Throughout the stories of the attacks by German and Italian submarines on Allied shipping in the water around the Bahamas and the Turks and Caicos, several consistent themes emerge in Wiberg's thorough accounts. Prime among them is the heroism of the merchant mariners who time and again put themselves in danger as they performed the critical task of moving supplies, military and civilian, which were vital to ultimate victory.
We read of numerous instances of sailors having their ships shot out from under them and then continuously going back to sea and having additional ships torpedoed and sunk. We can also recognize what we know today as Post Traumatic Stress Disorder (PTSD), which was seldom recognized 75 years ago. Wiberg pays proper credit to the controversial Duchess of Windsor, whose husband was the wartime governor of the Bahamas. Just as she carried out this official duty, this book relates the heartening tales of everyday Bahamians, often poor and on outlying islands, who generously provided for these desperate castaways.
Wiberg also acknowledges the heroism of the Axis submariners as he recounts not only their victories but also their deaths as many of the subs were eventually tracked down and sunk.

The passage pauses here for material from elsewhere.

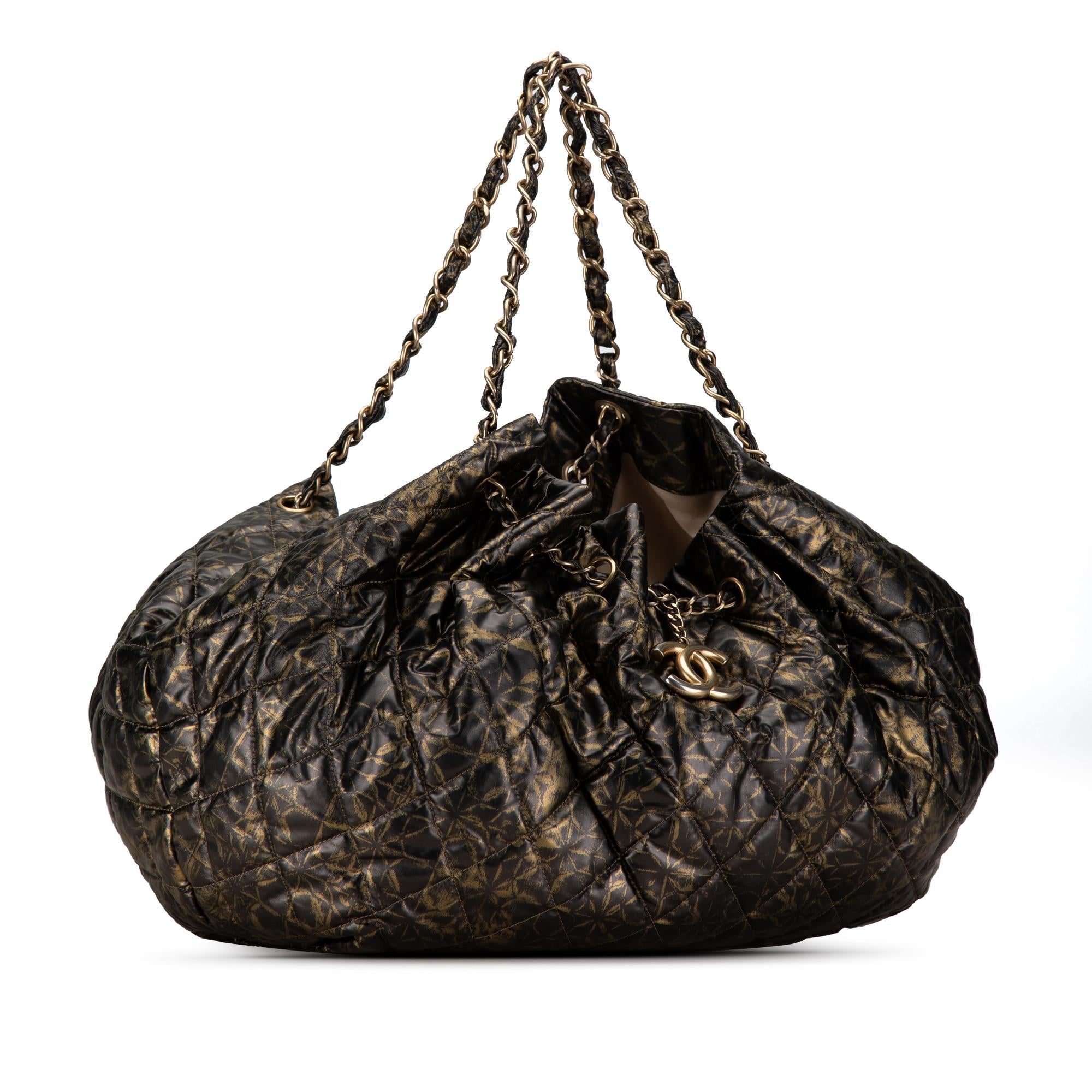Chanel XL Printed Nylon Cabas Spirit Tote (SHG-Ewd3Kn)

History isn't great events, it is the continuum of many small events carried out by real people. U-Boats in the Bahamas and Turks and Caicos gives us an intimate glimpse of those events and, importantly, those people.
J. Revell Carr
Santa Fe, N.M.
Eric Wiberg grew up in the Bahamas, the son of the Swedish Consul-General there. A licensed maritime lawyer, his thesis for a Master's Degree in Marine Affairs was published as Tanker Disasters. For three years he commercially operated tankers in Singapore. Over 25 years he has sailed on 100 vessels, most of them sailboats, for 75,000 miles, including voyages across the Atlantic and Pacific and over 30 ocean passages to or from Bermuda. He has published four books, the latest being Round the World in the Wrong Season. A graduate of Boston College, he studied at Harris Manchester College, Oxford, and in Lisbon. Employed in the shipping industry in New York City, he lives with his wife and son in Westport, Connecticut.